2) During the pendency of the instant petition, the respondents may kindly be restraint from taking any action under or in terms of the impugned Ordinance. The respondents may in particular, be restrained from withdrawing any request for mutual assistance and civil party, letters rogatory and like issued to any Foreign Government, Court or other Authority or Multilateral Organization.

3) Any other order deemed beneficial to the interest of Justice and equity, may also kindly be made.

7. The instant petitions came up for hearing before this Bench on 7th December 2009, when Mr. Shah Khawar, Acting Attorney General for Pakistan, placed on record a written statement on behalf of Federation of Pakistan. Relevant paras therefrom are reproduced herein below:-

“2. That the Federation believes in supremacy of the Constitution of 1973 and the Parliament.

3. That the National Reconciliation Ordinance, 2007 was promulgated by the previous regime and I am under instruction not to defend it.”
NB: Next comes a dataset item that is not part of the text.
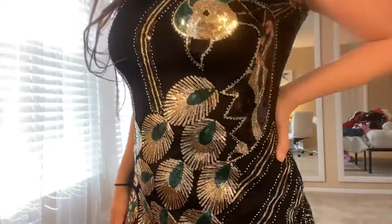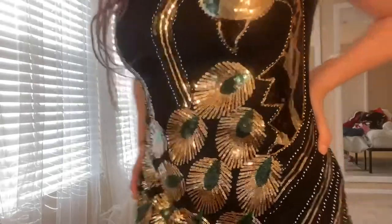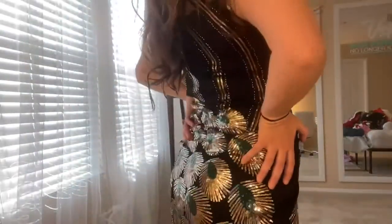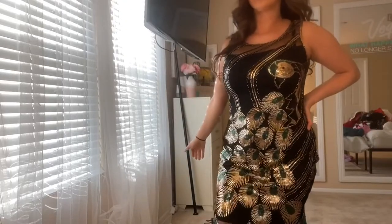We're taking a look at a 1920s vintage peacock sequin dress. This is such a gorgeous piece. The gold on it just reflects beautifully, as you can see here, and it is super form-fitting.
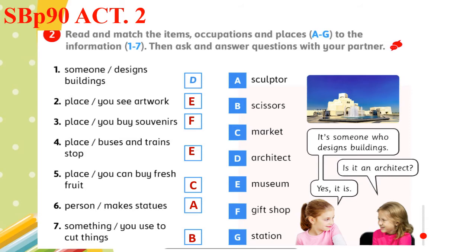Now let's ask and answer. It's someone who designs buildings. It's an architect. Is it an architect? Yes, it is. It's a place where you can see artwork. Is it a museum? Yes, it is. You can ask one of your family to help you in this conversation.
8. Mr. Kamal Azfar, learned Sr. ASC appearing on behalf of the Federation of Pakistan, through Ministry of Law & Justice, filed Civil Misc. Applications No. 4875 & 4898 of 2009 in Constitution Petitions No. 76 & 77 of 2007. Contents of paras at page 11 & 12 of the said applications are reproduced herein below:-

“If however, this Hon’ble Court wishes to rule upon wider issues other than those raised in the petition and prayer the Federation requests that fresh petitions be filed precisely stipulating these issues whereupon the Federation will seek instructions on such new petition.

Pak Today is poised at the cross roads. One road leads to truly federal democratic welfare sate with the balance of power between an Independent judiciary, a duly elected Govt. representing the will of the people a determined executive which is fighting the war against terrorism and poverty. The second road leads to destabilisation of the rule of law. The people of Pakistan await your verdict.”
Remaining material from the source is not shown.